What is a social entrepreneur? Is it just a trendy title anyone can attach to themselves if they believe they do good, or is it something all business owners and entrepreneurs should strive to be?
I’m not surprised if the “social entrepreneur” title confuses you. Not all online definitions agree on what a social entrepreneur is. Someone responded in a Facebook group that they thought it meant social media entrepreneur. My favourite definition is from the Canadian Social Entrepreneur Foundation:
“A social entrepreneur is someone who recognizes a social problem and uses entrepreneurial principles to organize, create, and manage a venture to make social change (a social venture).”
Ashoka founder Bill Drayton coined the term social entrepreneur in the 1980s. Simply put, social entrepreneurs make businesses that solve social problems. Also see phrases like conscious capitalism or corporate social responsibility. Unlike many traditional businesses which place profit first, social businesses place people over profit or people at the same level as profit. Unlike charities or social enterprises, social businesses also make money. Some, like TOMS and TenTree Apparel, make a lot!
In my, ahem, humble opinion, social entrepreneurship is the most important way forward for our planet for three reasons:
- Many startups looking to solve social problems are fairly nimble, meaning they can evolve quickly to suit a need. That’s not to say they don’t have their own bureaucratic hoops to jump through, but at least it’s not on both ends.
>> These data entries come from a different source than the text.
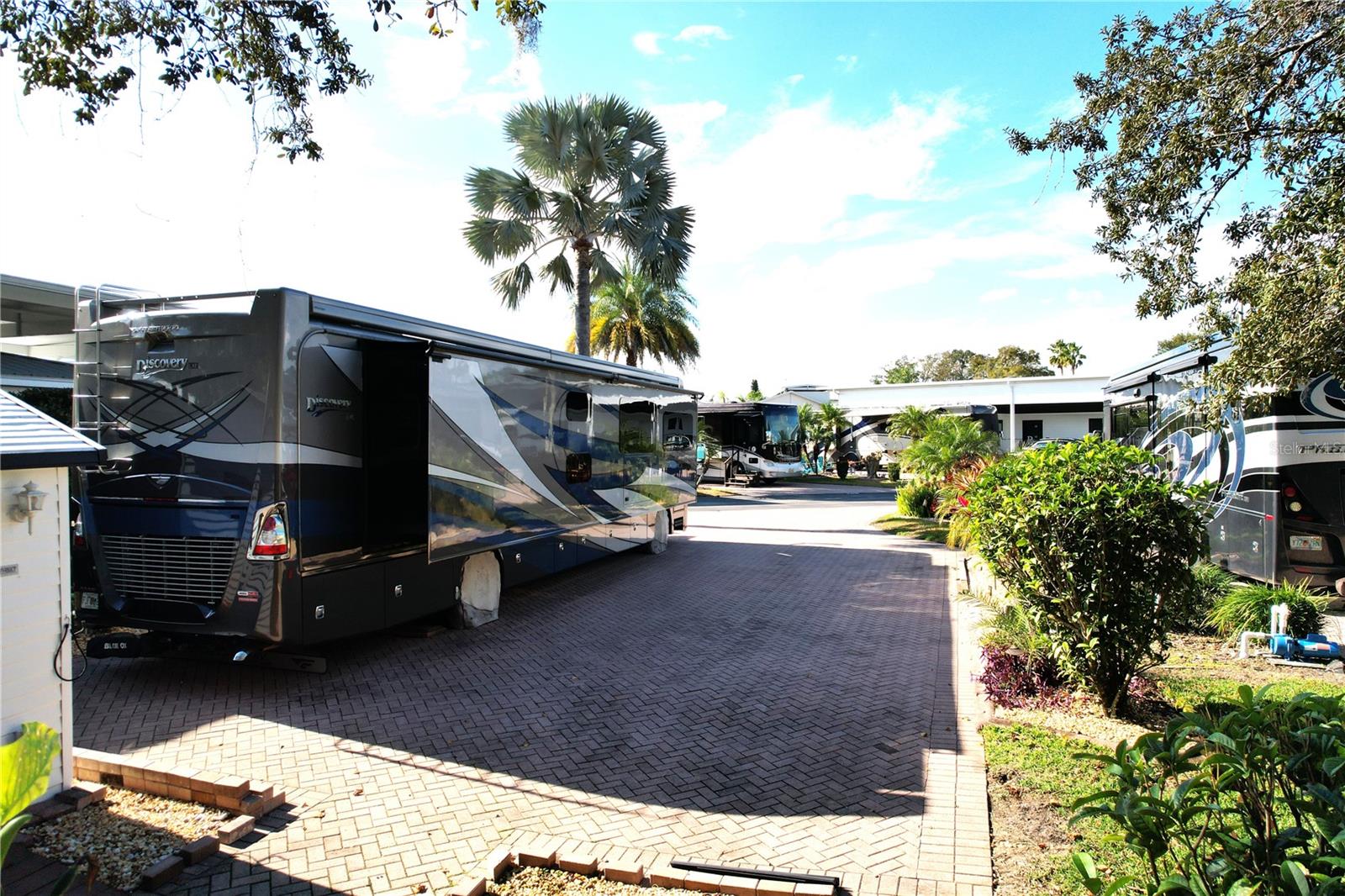 DEER CREEK GOLF & TENNIS RV RESORT - Land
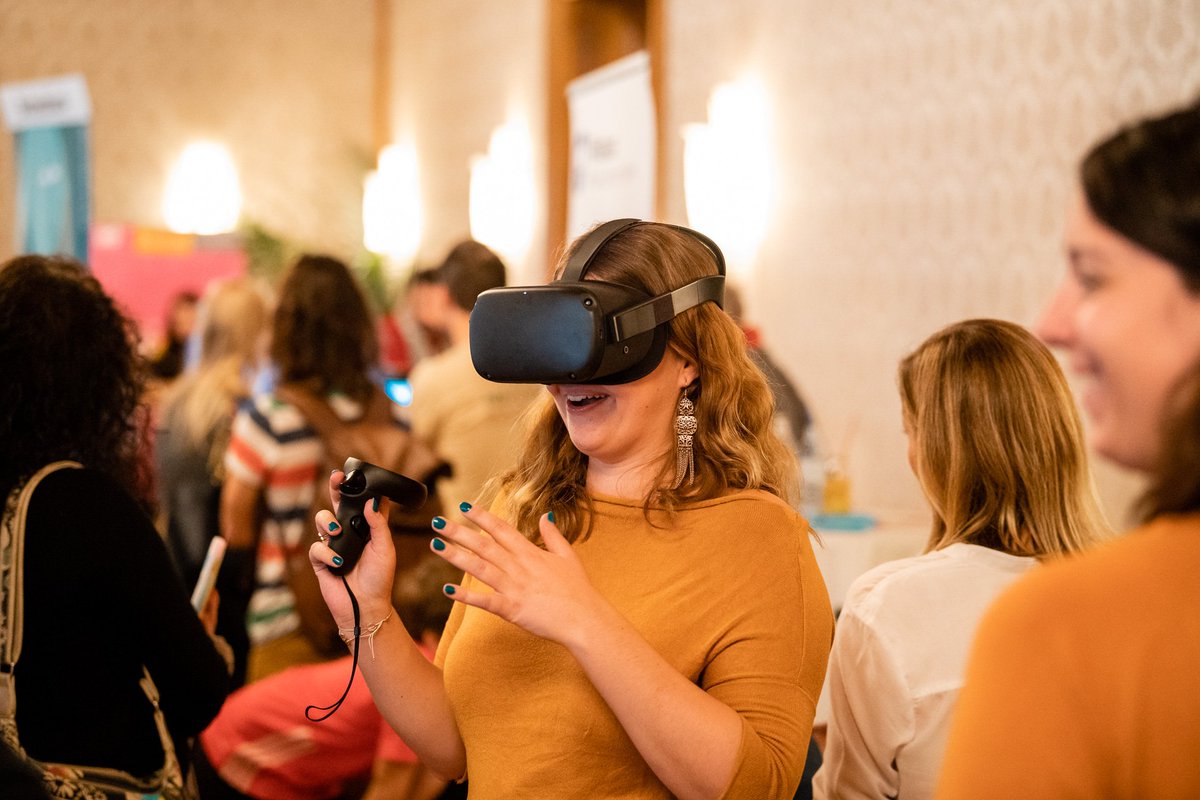 PsychologInnen's tweet photo. Am Samstag haben wir im Wiener Rathaus den Tag der Psychologie, das größte Psychologie-Event Österreichs, veranstaltet. Hier gibt es die schönsten Bilder. 😃📸 Fotocredit: BÖP/Ranger #tdp19 #psychologie #tagderpsychologie #böp https://t.co/5EkLK0GCkY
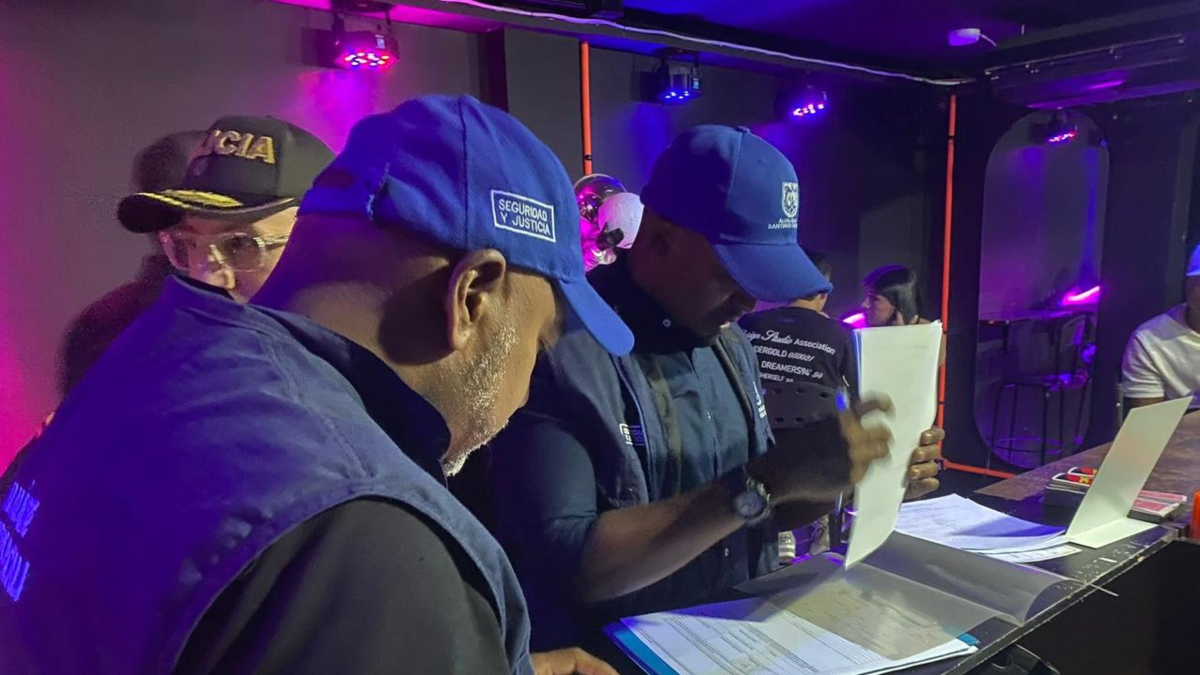 Los bares y discotecas podrán abrir hasta las 3 de la madrugada, y las licorerías y estancos hasta la 1 de la madrugada.

 – En la mira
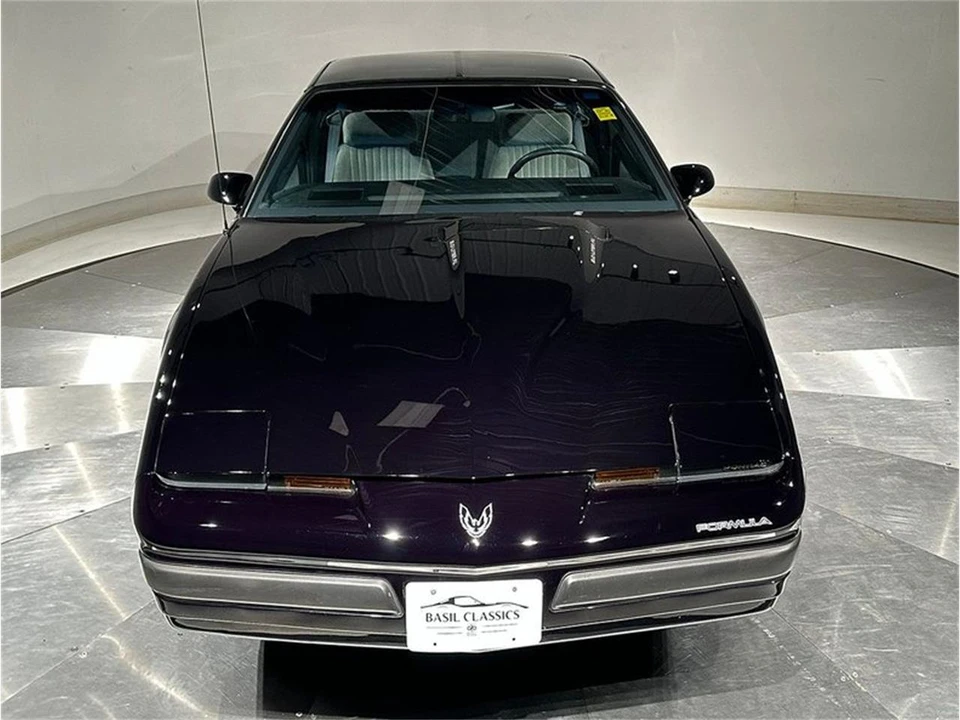 1989 Pontiac Firebird 3rd Gen - Image 21 of 31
- Social entrepreneurs are creative. Maybe not in the Picasso way, but definitely when it comes to coming up with connecting ideas and innovating. They’re revolutionaries!
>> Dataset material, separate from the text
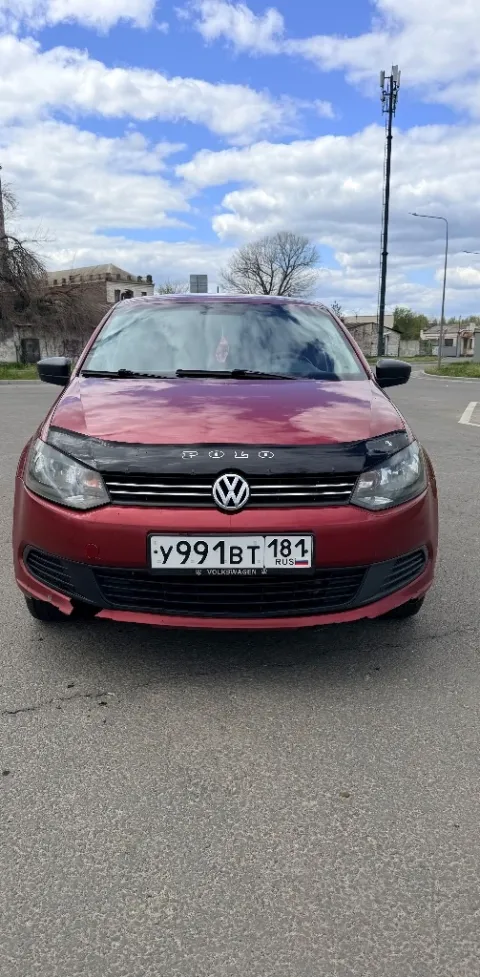 Продам фольксваген поло 2014 года. автомобиль в хорошем состоянии. двигатель работает хорошо. коробк... - фотография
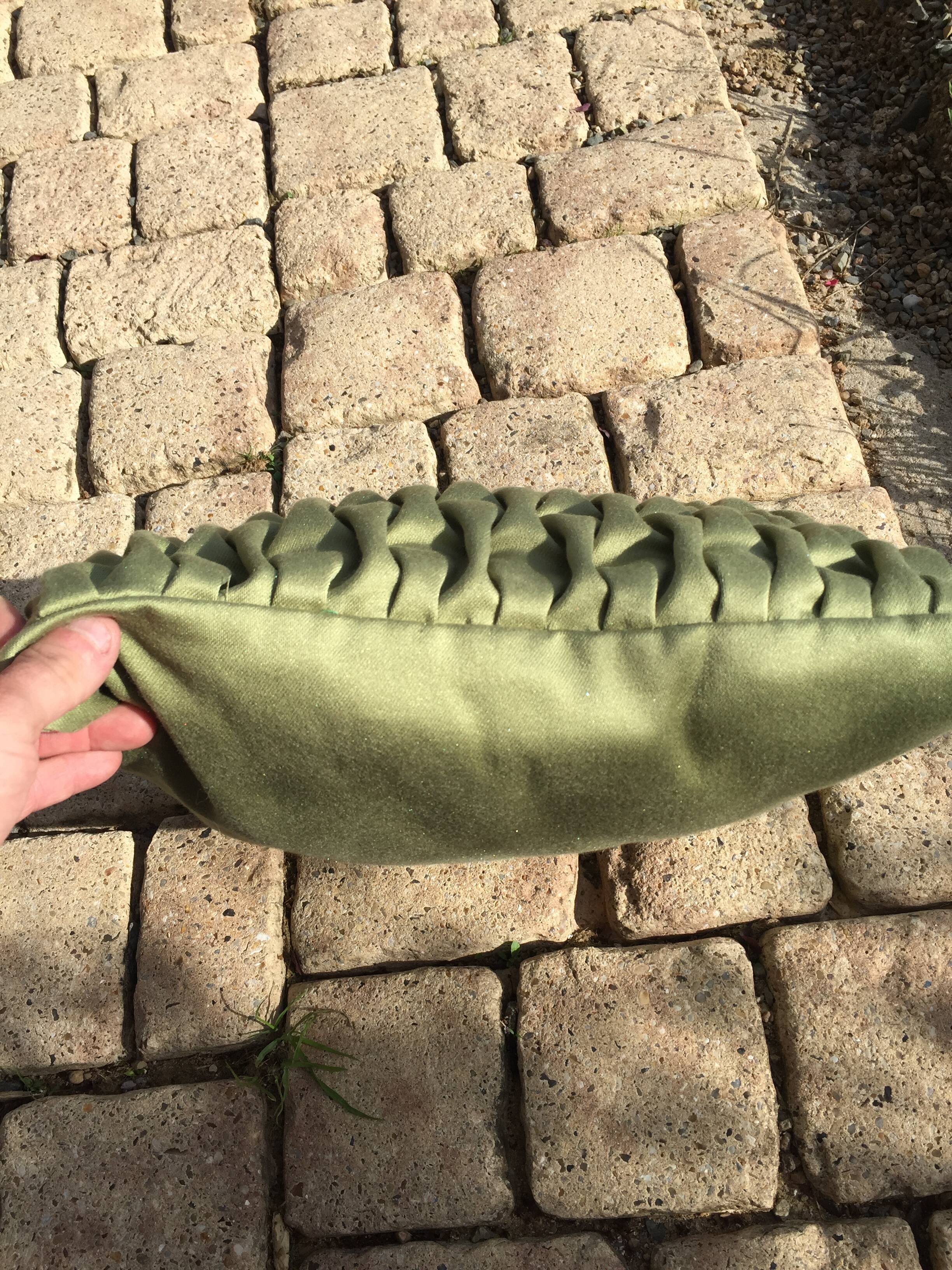 Coussin en velour vert vintage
- They care. It’s one thing to say your corporation has a green policy…like you recycle paper or something; it’s another to be building a solar farm or feeding starving children. There’s a clear intent and conscious approach to the work. It’s not an afterthought.
“Social entrepreneurs are not content just to give a fish or teach how to fish. They will not rest until they have revolutionized the fishing industry.” – Bill Drayton
There are a number of different business models, such as TOMS 1 for 1 (buy a pair of shoes and they give a pair to someone in need) or Indiegogo’s crowdfunding platform. Read the books I mentioned in my last blog post if you’re looking for ideas and inspiration.
If you want to solve a problem and build a profitable business doing it, you totally can. In fact, you should.